Work Product Protection — Non-Party’s Standing to Assert
Plaintiff One sues defendant. Plaintiff One then subpoenas the litigation consultant retained by Plaintiff Two, who also has a claim against the same defendant. As observed by Magistrate Judge Mikel Williams, “The literal language of the Rule [26(b)(3)] protects materials prepared for any litigation or trial only if they were prepared by or for a party to the subsequent litigation.” Fed.R.Civ.P. 26(b)(3) provides:
Subject to the provisions of subdivision (b)(4) of this rule, a party may obtain discovery of documents and tangible things otherwise discoverable under subdivision (b)(1) of this rule and prepared in anticipation of litigation or for trial by or for another party or by or for that other party's representative (including the other party's attorney, consultant, surety, indemnitor, insurer, or agent) only upon a showing that the party seeking discovery has substantial need of the materials in the preparation of the party's case and that the party is unable without undue hardship to obtain the substantial equivalent of the materials by other means.

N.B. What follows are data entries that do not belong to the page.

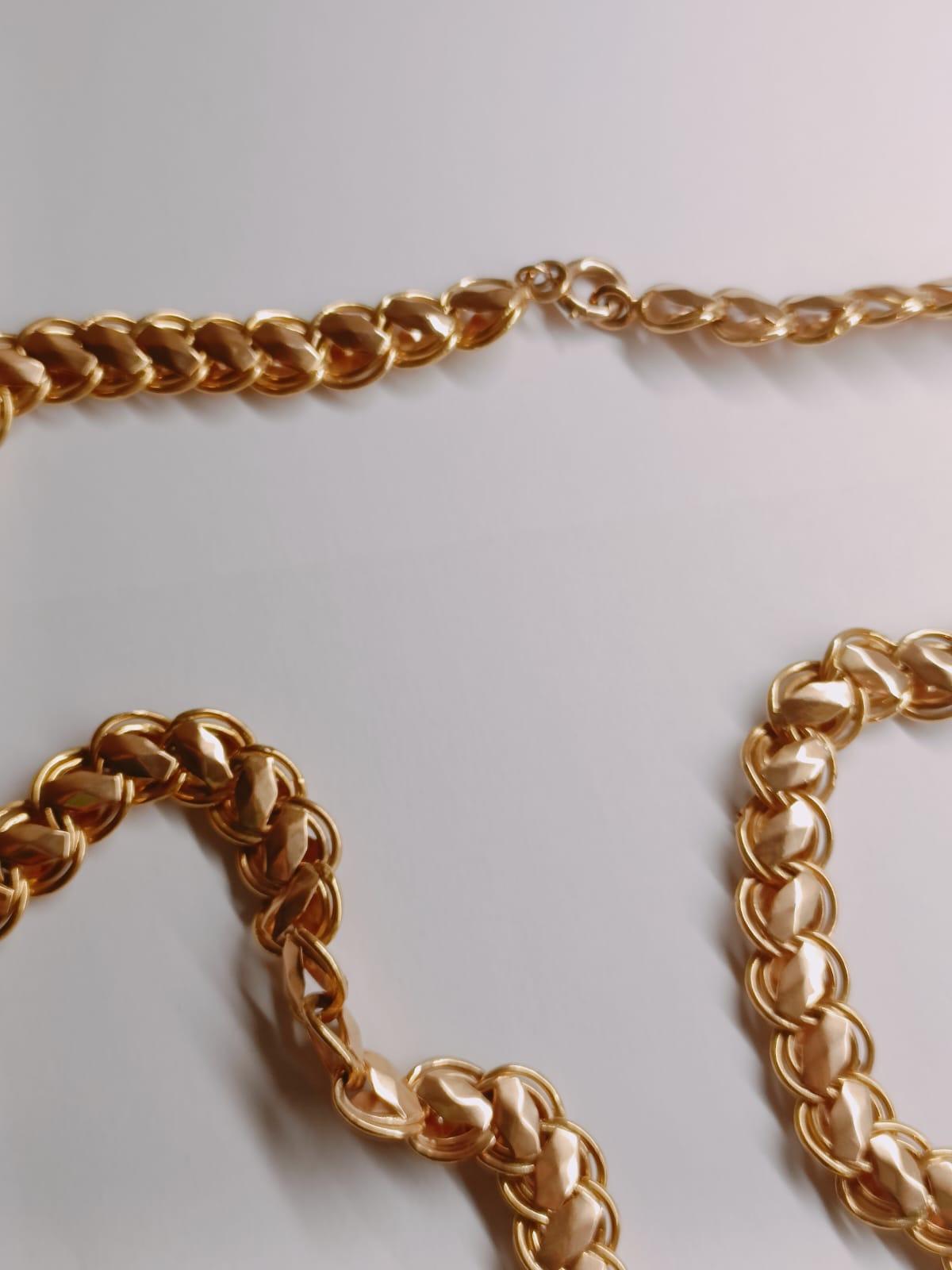 Georgian Long Chain 18K Gold Necklace with French Medallion For Sale 7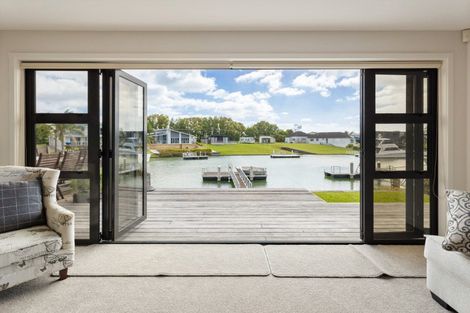 Photo of property in 10 Hei Esplanade, Whitianga, 3510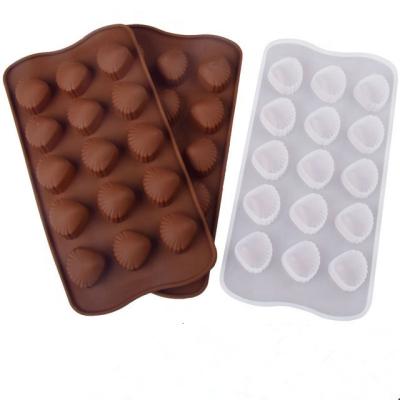 China Sustainable Chocolate Molds Silicone Candy Molds Food Grade Brown Heart Molds For Chocolate for sale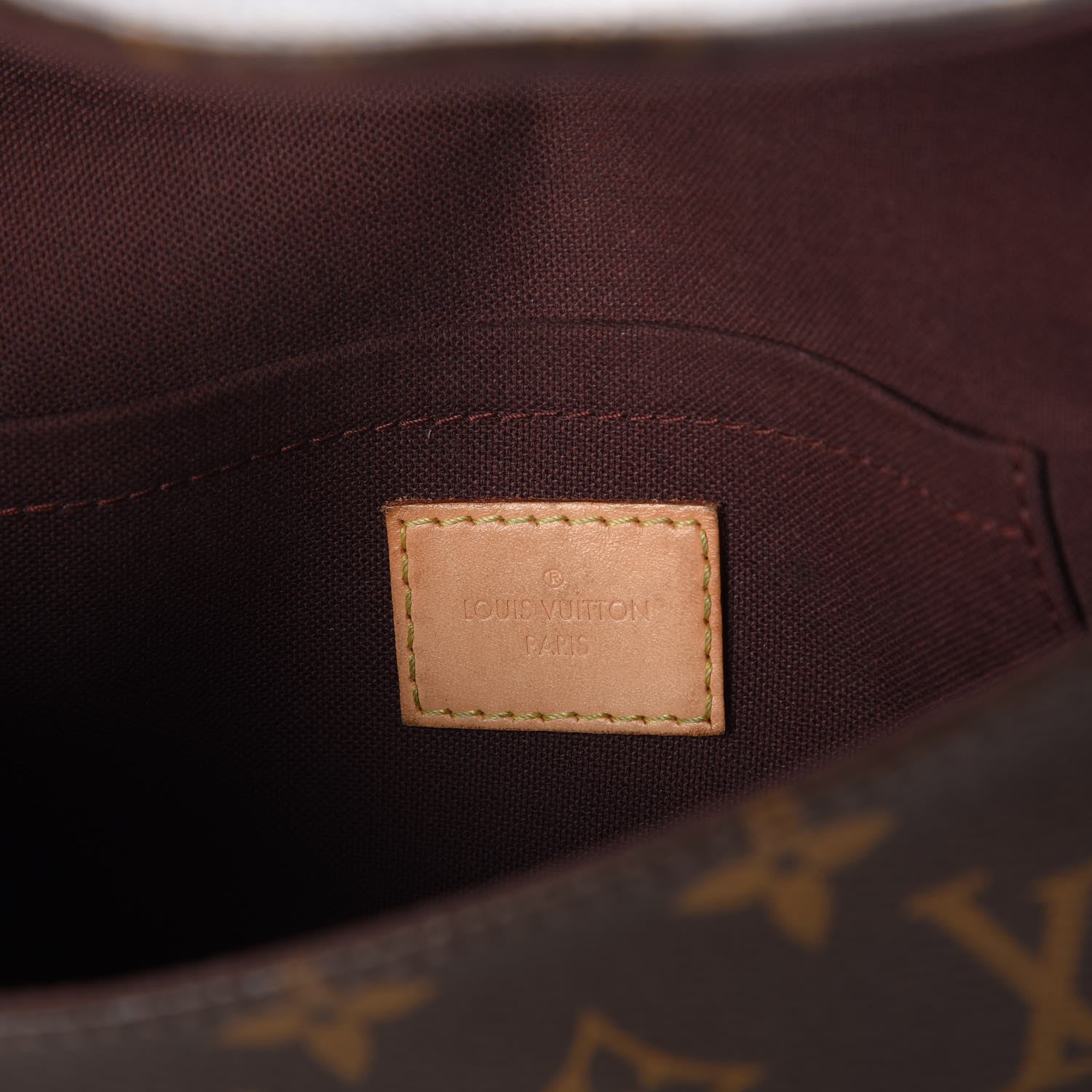 Louis Vuitton Monogram Favorite PM 7 of 14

According to Judge Williams, there is a split in the Circuit as to whether work product protection may be asserted by non-parties to the litigation:
[O]ne emerging trend has been to extend the work product privilege to subsequent litigation if that litigation is "closely related." In re Grand Jury Proceedings, 43 F.3d 966, 971 (5th Cir. 1994). The Ninth Circuit has adopted a contrary view, limiting Rule 26(b)(3) to its literal terms and declining to extend work product protection to non parties. In re Cal. Pub. Util. Corp. v. Westinghouse Elec. Corp., 892 F.2d 778, 781 (9th Cir. 1989) (concluding that the rule, on its face, limits protection to one who is a party to the litigation in which discovery is sought). Complicating the choice between the two approaches, the Supreme Court in Grolier [Fed. Trade Comm'n v. Grolier Inc., 462 U.S. 19 (1983)] stated in dicta that it "did not necessarily agree" with the "related litigation test" under Fed. R. Civ. P. 26(b)(3), but did not decide the issue because the Freedom of Information Act provided sufficient grounds to decide that case.
But does this matter? The Court found it unnecessary to resolve this issue because a subpoenaed party may assert work product as grounds for a protective order pursuant to Fed. R. Civ. P. 45(c)(3)(A)(iii), (iv) ("On timely motion, the court by which a subpoena was issued shall quash or modify the subpoena if it ... (iii) requires disclosure of privileged or other protected matter and no exception or waiver applies; or (iv) subjects a person to undue burden.") or Rule 26(c) (Court may issue a protective order "for good cause shown" to protect "a party or person from annoyance, embarrassment, oppression or undue burden or expense.").